Inspiration In Freakonomics (one of my favorite books) there is an entire chapter showing that pools are more dangerous to people in the US than guns and that got us thinking about how these tragic accidents due to pools could be prevented and how we could save lives in any way possible. When we started looking at the statistics about drowning deaths in the US we saw that drowning is the second leading cause of injury related death for children under 15 and that for the majority of cases of child drownings there are adults supervising but they simply don't pay attention for a short amount of time or do not realize that there is a drowning happening. We realized that using machine learning and visual image processing we could develop a way to detect if anyone is drowning in a live video feed and then send an alert immediately if we detect that someone is drowning.

What it does Our machine learning model can take in a live video feed of people swimming in a swimming pool and can detect whether anyone is drowning and if so can identify where in the video the person who is drowning is located. We can then draw a boundary box around the location in which the drowning victim is and alert the person who is associated with the video feed about the drowning.

How we built it We first had to build our own dataset of videos of people drownings as there were no available data sets that contained this action information. To do this we found all the videos we could that contained people drowning and then we isolated the action of drowning from the video using VoTT and iMovie. We also used actions of those who were not drowning as a separate class and these actions were taken from the same dataset from people who were in the same pool as those who were drowning. We then tested multiple models on microsoft azure on their data science virtual machine to try and correctly detect the action of drowning from a video until we landed on using a 3 dimensional convolutional net that was capable of analyzing spatiotemporal information. To implement this model we used the microsoft cognitive toolkit (CNTK) on the virtual machine. We used to send out the real time notification when a drowning was detected.

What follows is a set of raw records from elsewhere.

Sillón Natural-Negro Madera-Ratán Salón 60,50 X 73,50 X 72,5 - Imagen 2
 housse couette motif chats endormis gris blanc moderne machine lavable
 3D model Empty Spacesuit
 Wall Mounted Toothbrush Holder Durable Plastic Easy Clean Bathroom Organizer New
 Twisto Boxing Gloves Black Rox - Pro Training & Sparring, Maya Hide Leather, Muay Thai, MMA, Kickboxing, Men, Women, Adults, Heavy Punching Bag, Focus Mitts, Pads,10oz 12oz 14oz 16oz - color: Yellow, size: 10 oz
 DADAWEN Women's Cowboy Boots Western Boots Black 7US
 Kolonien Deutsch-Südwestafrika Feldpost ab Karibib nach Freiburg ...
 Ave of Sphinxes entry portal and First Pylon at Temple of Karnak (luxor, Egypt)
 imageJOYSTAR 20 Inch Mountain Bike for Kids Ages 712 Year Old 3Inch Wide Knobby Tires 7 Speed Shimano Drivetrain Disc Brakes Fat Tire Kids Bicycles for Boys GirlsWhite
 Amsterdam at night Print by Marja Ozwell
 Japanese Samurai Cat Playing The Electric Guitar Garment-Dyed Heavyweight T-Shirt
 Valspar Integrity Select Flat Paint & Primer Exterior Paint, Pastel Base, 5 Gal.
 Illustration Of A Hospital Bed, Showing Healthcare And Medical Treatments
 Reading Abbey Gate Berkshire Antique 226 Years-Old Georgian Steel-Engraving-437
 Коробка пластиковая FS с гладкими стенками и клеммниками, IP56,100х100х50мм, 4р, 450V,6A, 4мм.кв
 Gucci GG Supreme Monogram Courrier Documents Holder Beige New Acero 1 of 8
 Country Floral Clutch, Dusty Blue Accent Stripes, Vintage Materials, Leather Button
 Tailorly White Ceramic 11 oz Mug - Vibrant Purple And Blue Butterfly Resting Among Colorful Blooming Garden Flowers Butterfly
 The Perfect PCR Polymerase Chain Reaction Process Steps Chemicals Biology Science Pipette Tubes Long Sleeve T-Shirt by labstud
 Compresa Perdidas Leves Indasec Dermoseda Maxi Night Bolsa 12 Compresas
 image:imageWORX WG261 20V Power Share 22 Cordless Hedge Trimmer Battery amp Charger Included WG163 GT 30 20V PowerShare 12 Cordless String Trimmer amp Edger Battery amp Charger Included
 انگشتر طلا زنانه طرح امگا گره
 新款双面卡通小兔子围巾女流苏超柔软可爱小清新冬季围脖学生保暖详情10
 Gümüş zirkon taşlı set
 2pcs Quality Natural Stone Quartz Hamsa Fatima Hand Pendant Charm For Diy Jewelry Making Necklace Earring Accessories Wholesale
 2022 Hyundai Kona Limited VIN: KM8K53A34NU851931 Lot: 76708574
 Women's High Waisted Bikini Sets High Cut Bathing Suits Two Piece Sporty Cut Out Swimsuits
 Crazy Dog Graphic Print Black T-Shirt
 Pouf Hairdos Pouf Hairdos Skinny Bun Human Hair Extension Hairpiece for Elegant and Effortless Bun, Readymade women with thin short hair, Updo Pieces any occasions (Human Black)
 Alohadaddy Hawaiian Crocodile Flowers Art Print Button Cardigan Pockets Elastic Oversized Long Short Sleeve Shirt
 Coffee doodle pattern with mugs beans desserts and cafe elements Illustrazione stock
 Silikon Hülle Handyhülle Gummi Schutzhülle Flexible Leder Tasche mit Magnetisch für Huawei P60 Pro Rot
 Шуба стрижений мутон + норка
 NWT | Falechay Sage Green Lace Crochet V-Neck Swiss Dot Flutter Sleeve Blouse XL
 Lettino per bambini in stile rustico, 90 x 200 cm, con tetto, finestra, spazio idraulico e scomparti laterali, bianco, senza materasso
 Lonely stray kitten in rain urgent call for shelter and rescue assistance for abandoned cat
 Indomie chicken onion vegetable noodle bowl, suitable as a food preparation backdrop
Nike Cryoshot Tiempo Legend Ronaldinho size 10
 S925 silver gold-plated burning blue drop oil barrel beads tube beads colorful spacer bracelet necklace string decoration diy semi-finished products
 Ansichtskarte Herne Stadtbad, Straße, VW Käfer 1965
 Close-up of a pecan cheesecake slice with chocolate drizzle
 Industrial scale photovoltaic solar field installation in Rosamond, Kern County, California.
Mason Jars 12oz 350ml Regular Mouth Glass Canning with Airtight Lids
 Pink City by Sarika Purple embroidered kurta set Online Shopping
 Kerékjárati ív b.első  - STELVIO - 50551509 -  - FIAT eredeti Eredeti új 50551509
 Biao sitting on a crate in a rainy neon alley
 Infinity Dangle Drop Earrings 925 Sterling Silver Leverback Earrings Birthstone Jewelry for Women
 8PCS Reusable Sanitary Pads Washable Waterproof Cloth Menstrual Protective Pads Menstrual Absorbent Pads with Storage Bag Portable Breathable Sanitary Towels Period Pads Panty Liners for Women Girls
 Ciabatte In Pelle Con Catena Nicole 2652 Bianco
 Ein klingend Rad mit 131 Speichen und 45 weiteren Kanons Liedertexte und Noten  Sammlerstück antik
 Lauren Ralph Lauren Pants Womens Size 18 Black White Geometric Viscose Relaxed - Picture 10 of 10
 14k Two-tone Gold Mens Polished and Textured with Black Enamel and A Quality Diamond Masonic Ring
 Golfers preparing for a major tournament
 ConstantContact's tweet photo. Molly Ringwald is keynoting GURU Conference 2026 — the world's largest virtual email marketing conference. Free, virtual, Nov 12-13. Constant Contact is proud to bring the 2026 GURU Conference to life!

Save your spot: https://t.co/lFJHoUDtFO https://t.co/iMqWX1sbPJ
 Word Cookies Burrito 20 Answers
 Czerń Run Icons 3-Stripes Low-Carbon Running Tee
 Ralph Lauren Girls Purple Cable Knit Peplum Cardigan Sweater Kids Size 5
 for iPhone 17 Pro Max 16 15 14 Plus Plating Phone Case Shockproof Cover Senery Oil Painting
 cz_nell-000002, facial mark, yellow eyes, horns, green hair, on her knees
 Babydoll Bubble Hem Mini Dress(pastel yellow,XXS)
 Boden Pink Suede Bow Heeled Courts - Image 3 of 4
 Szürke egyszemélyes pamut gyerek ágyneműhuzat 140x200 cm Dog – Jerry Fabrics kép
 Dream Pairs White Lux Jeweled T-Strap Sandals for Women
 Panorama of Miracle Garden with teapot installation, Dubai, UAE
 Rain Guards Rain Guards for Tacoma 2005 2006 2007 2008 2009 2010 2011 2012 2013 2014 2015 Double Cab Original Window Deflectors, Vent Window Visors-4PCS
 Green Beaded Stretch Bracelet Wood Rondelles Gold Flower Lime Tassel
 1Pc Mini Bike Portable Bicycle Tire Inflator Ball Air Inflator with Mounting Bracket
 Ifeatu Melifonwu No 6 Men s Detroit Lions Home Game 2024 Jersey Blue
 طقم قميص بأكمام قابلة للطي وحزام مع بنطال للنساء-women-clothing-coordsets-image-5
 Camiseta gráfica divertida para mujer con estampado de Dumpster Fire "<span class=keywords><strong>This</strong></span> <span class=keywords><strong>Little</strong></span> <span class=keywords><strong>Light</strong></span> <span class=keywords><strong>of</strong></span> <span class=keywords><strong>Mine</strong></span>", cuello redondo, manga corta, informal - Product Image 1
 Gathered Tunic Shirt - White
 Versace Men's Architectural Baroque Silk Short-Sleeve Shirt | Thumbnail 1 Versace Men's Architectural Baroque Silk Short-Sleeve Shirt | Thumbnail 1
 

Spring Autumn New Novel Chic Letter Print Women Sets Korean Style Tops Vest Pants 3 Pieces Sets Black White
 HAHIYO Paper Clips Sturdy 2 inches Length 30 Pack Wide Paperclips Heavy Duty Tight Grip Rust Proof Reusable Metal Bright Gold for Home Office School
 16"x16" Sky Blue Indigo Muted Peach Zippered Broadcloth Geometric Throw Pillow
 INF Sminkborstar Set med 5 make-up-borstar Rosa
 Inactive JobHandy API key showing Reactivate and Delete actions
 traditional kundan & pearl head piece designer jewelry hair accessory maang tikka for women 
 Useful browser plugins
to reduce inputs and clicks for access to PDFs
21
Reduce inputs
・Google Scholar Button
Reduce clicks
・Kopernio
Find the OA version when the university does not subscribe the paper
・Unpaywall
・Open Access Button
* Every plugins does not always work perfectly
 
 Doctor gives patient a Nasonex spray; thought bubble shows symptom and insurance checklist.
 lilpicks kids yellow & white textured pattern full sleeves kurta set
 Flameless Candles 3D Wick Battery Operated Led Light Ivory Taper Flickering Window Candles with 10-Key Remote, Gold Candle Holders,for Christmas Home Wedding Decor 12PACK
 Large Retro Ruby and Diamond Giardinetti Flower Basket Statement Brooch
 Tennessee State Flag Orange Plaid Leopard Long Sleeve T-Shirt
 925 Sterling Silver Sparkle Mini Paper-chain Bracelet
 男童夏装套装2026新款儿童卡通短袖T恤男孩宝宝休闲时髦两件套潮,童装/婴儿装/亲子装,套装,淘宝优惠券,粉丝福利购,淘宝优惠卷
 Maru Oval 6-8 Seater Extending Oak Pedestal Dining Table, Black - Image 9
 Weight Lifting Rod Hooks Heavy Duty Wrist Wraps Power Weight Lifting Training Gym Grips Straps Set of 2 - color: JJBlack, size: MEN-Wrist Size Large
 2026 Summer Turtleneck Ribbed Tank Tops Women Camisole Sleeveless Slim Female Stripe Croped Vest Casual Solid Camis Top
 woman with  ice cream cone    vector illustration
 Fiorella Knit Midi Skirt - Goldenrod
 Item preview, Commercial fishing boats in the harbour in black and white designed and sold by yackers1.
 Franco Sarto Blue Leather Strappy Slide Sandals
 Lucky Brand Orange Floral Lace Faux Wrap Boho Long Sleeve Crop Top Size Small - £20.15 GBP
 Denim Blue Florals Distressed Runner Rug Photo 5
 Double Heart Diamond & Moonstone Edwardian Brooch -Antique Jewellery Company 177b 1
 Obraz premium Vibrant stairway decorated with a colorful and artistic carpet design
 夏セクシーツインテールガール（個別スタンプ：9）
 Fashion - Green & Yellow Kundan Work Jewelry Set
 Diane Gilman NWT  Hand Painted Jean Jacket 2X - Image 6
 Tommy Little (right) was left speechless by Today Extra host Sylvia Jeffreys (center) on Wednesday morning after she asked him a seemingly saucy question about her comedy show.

Challenges we ran into The first challenge that we ran into was the difficulty in getting a dataset to train with. We looked through multiple modern action datasets such as google's AVA dataset and UCF101. We ended up having to create our own dataset from scratch and integrating it with some data from the UCF101 dataset. Another challenge that we ran into was when we were trying to decide what model to use to identify the drowning action. We started by using the best object detection frameworks such as YOLO (you only look once) and R-CNN's. There did not work very well as they only took into account single frames when making their decision and so were bad at detecting actions which took place over time. We tried using previous frames as a mask over the latest frame so that each frame contained information about how actions happened over time but this also did not work well. Finally we used ran into a recent paper describing using 3d CNN's to classify actions and ended up implementing that.

Accomplishments that we're proud of Creating our own video dataset took a significant amount of time but was quite rewarding after we completed. Getting the model to work also took a very long amount of time with multiple setbacks as we did not have any free access to a GPU so our training was slow but it was very rewarding to see the model identify that someone was drowning for the first time.

What we learned We learned how to use microsoft azure to host a machine learning model so that we could analyze real time video in the cloud and provide instant recognition results from our model. We also learned to use VoTT to build our own dataset from scratch.

What's next for lifeguard.io We want to publish our dataset so that future researchers can use the same data to create better models to save lives and we hope that eventually all personal and residential pools have a camera watching over them (a small cost in comparison to the cost of a pool) so that all drowning deaths that can be prevented are.